The opinion of the court was delivered by

Horton, C. J.:

This was an action instituted in the district court of Anderson county by Constance Bowen, as plaintiff, against the Citizens’ bank of Garnett, as defendant, to recover $1,161.64, and interest, which the petition alleged had been deposited by the plaintiff with the bank, as a banker, subject to call. The bank filed its answer, denying this .allegation, and many of the other averments of the petition, and alleged that the money sued for was the property of Preston Bowen, the husband of Constance Bowen; that he, being insolvent, had deposited it in the bank to the credit of his wife without any consideration; and that he was indebted to the bank upon a promissory note of $1,800, with interest from July. 1st, 1875, and then overdue, which was an amount greater than the deposit. This answer further alleged that before and at the time of making the deposit, Preston Bowen was, and had continued to be, indebted to the bank in the sum of $1,800, and interest; that the money sued for had been deposited in the bank under the following written agreement :

“This agreement, made between Doc. P. Bowen and his wife and the Citizens’ bank of Garnett, witnesseth: That whereas, Doe. P. Bowen is indebted to said Citizens’ bank of Garnett in the sum of $1,800, due the 1st day of July, 1876, now said P. Bowen and his wife agree to and with the said Citizens’ bank to procure a loan of $2,000 or more on their farm, a homestead in Anderson county, Kansas; and he and his wife shall invest the proceeds of said loan in yearlings and two-year-old cattle, and give to the said Citizens’ bank of Garnett, when bought, a chattel mortgage on all the cattle so bought, to secure the payment of said amount of $1,800, reserving to themselves, however, the right and amount of the cost price of said cattle to himself and wife.» The growth or increase in value of said cattle above cost price is the only interest to be secured by the said mortgage, and the cost price of said cattle shall be reinvested whenever taken or received by P. Bowen and wife in the class of cattle above mentioned, by P. Bowen and wife; and the same, when purchased, shall be mortgaged to the Citizens’ bank in like manner as above, until said amount of $1,800 and interest is fully satisfied by said P. Bowen and wife.
“Witness the hands of the parties hereto this 1st day of December, 1875. P. Bowen.
Constance Bowen.
Citizens’ Bank of Garnett,
By J. T. Lanter, Pres.”

And that the money was to bé kept, drawn out and used only in accordance with said agreement, and that said Preston and Constance Bowen had neglected and refused so to apply it. The answer asked that Preston Bowen be made a party to the suit, and that, upon the final hearing, the said sum of $1,161.64 should be applied as a credit and set-off against an equal sum of the note of Preston Bowen to the bank, and that judgment be rendered' in favor of the bank against him for the balance remaining due upon the note after the $1,161.64 had been credited thereon.

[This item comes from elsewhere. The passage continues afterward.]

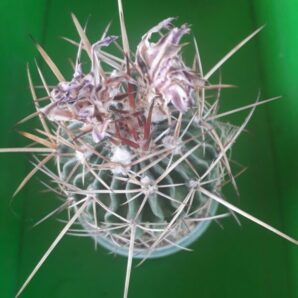 Echinofossulocactus anfractuosus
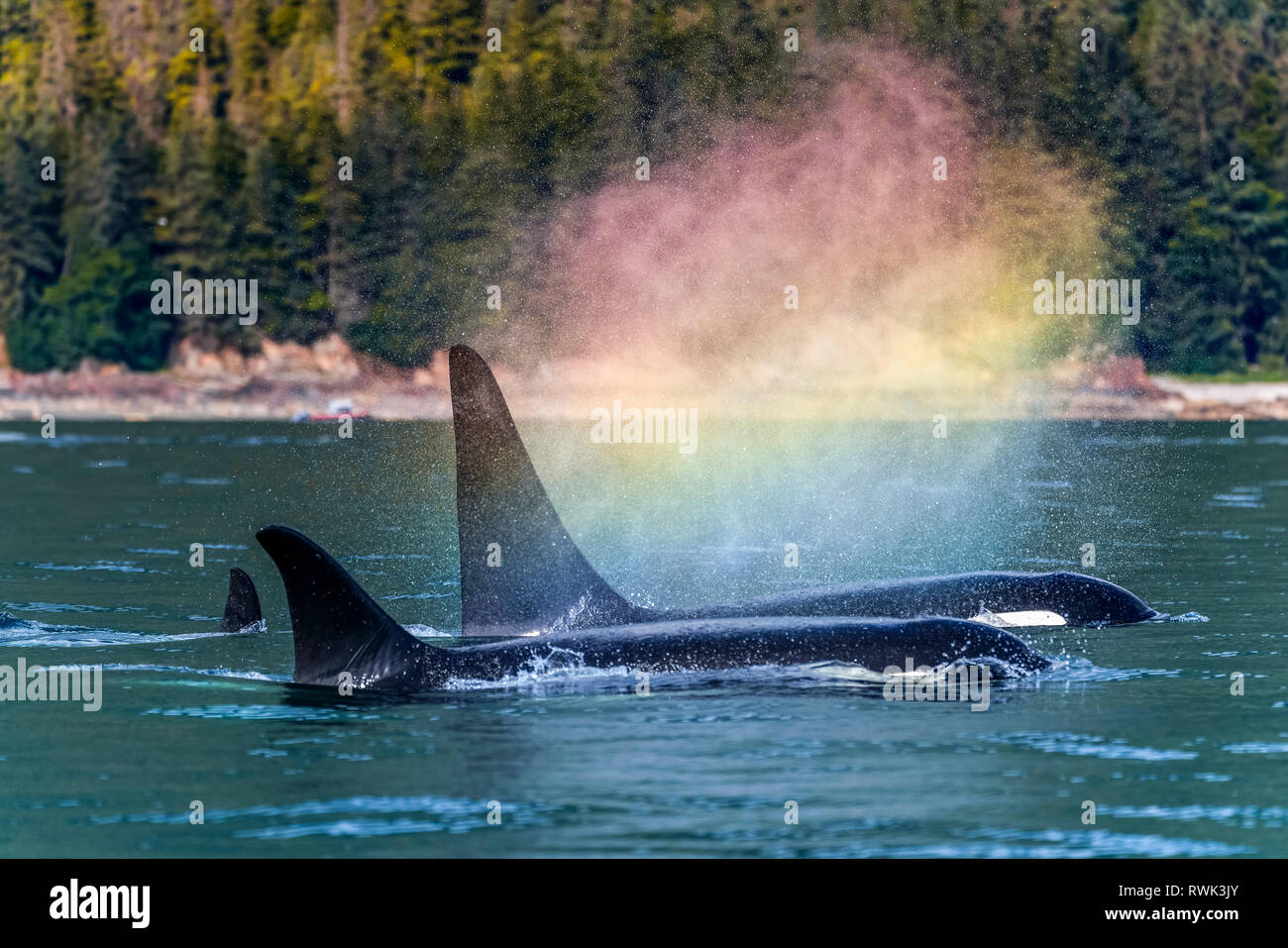 Orcas (Orcinus orca), also known as a Killer Whales, surface in Chatham Strait, a 'rainbow' forms in the blow as they exhale, Inside Passage Stock Photo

Preston Bowen entered his appearance, and filed his pleading admitting the allegations of the petition, and denying generally, and without verification, the allegations of the answer of the bank.

Constance Bowen replied, also denying, without verification, the allegations of the bank’s answer.

The following facts were admitted or proved on the trial. On December 1, 1875, Preston Bowen made his note to the bank for $1,800, payable July 1st, 1876,- with twelve per cent, interest'from maturity, and at the same time he and his wife executed with the bank the written agreement above set forth. At the time of the execution of this agreement, and for many years prior thereto, the plaintiff below and her husband, Preston Bowen, and their family, had lived on a certain 160-acre farm in Anderson county, which was their homestead, and was so referred to in the agreement.' The title to this land was in the husband. On February 1st, 1876, Preston Bowen executed his note to the Phoenix Mutual Life Insurance Company, of Hartford, Conn., for $1,650, payable in five years from date, and this note was secured by a mortgage of like date on the said homestead in Anderson county, which mortgage was duly signed by both Preston and Constance Bowen. The money on this note thus secured was obtained from the said life insurance company through Henry Bogen, a loan agent. On February 26th, 1876, he deposited $1,283.14 of the money so raised upon the note and mortgage with the bank, under the instructions of Mrs. Bowen, had that amount passed to her credit, and the usual pass-book of a depositor was then given her. From that time up to May 17th, 1876, the checks of Mrs. Bowen were duly honored, and her account debited therewith in the usual course of banking business. On the 6th of January, 1877, this passbook was returned to the bank, the various checks entered on the debit side, and the account stated therein by the cashier, showing a balance in favor of Mrs. Bowen of $1,161.64. On the 17th day of January, 1877, she demanded this amount of the bank, and payment was refused. On the 23d of January, 1877, this action was brought in the court below. It was admitted that the husband, Preston Bowen, was insolvent. After the introduction of the evidence, the counsel for the bank asked the following instructions:

1. That if the money sued for in this action was the money of Preston Bowen when it was deposited with said bank, the jury should find for the defendant, the Citizens’ bank of Garnett.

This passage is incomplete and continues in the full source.